Challenges Are the Same

Today, the dilemma facing President Temer is essentially the same, even if 2016 may seem unlike 2010. Yet there is precious little discussion of the kinds of reforms that Brazil needs to boost its long-term potential for growth. Instead, the focus has been on fixing the fiscal accounts. Doing so may continue to be greeted by an upturn in investor sentiment. And I understand part of the optimism. After all, there is little doubt that Brazil needs to get its fiscal house in order. But I would argue that Brazil’s fiscal profligacy is largely the consequence of Brazil’s weak growth and low productivity record and not the other way around.

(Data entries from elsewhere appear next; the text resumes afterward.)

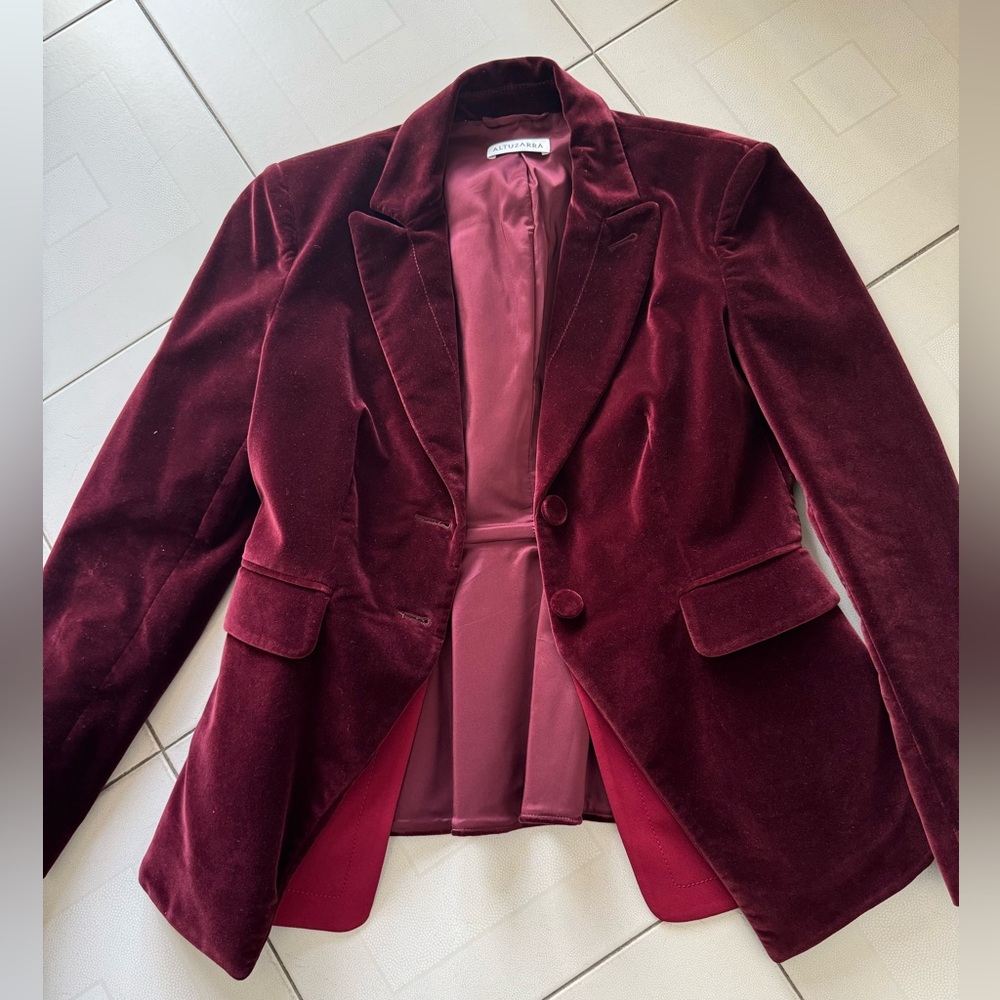 Women's Velvet Blazer in Burgundy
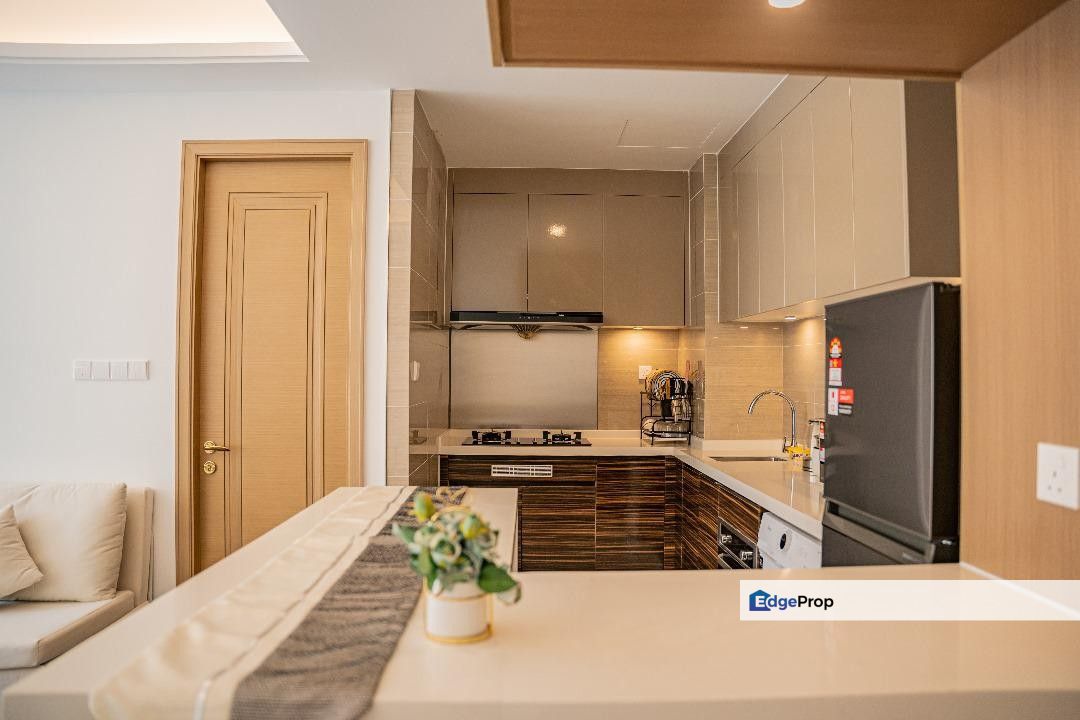 Paragon Suite @CIQ Studio Urgent Sale, Fully Furnished Tenanted near RTS, Johor, Johor Bahru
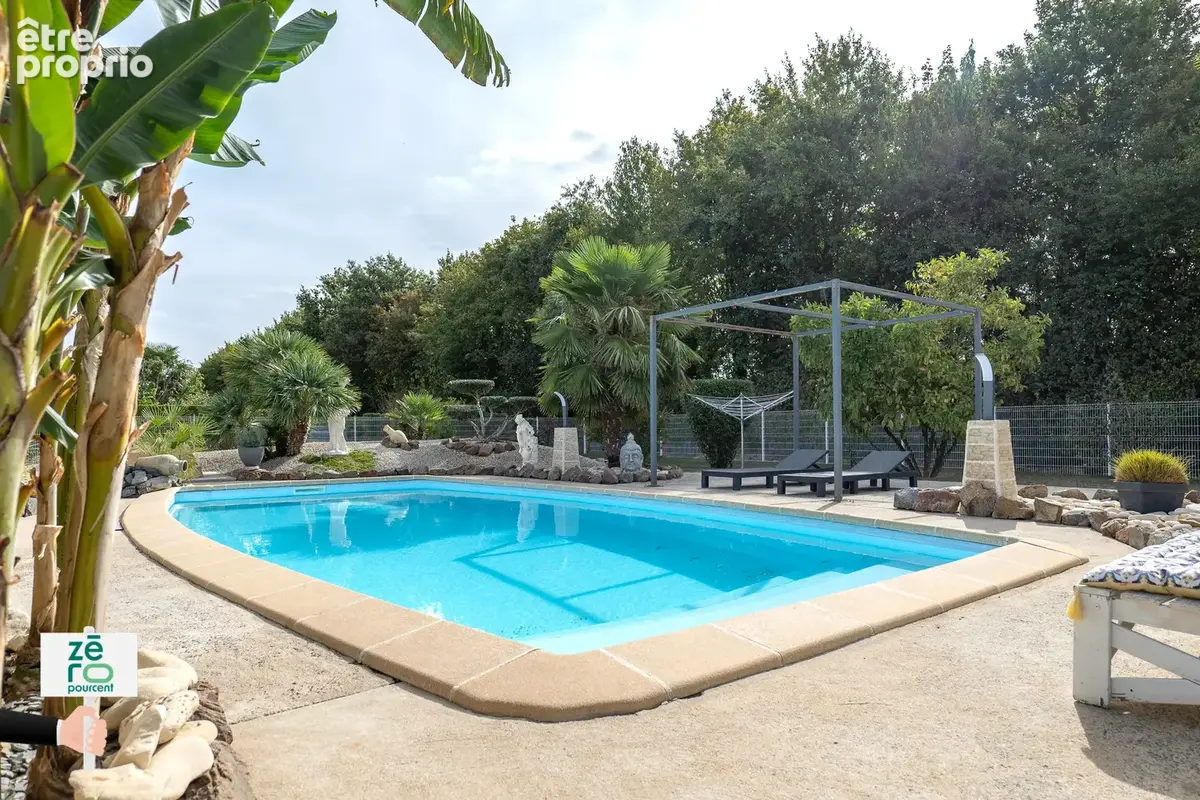 Maison familiale avec piscine sur près de 2 000 m2 à La Bretonnière-la-Claye - photo 21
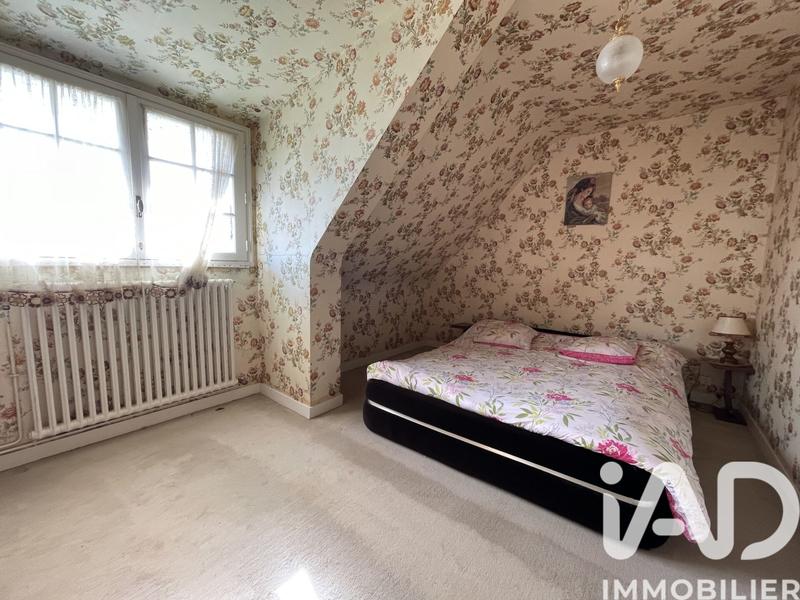 Maison - 238 m² - 8 pièces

Until Brazil undertakes a meaningful new agenda to improve productivity, I fear we may see this cycle of ups and downs repeat itself once again. It is easy to see why investors all too often get caught up chasing the latest swings in sentiment and flows. My hope is that Brazilian policymakers do not make the same mistake.

Newman is adjunct professor at the School of Public Affairs at Columbia University. He retired in 2014 from Morgan Stanley, where he was a managing director and chief economist for Latin America. This article is adapted from a chapter in a forthcoming book on Brazil edited by Albert Fishlow and Sidney Nakahodo of Columbia University.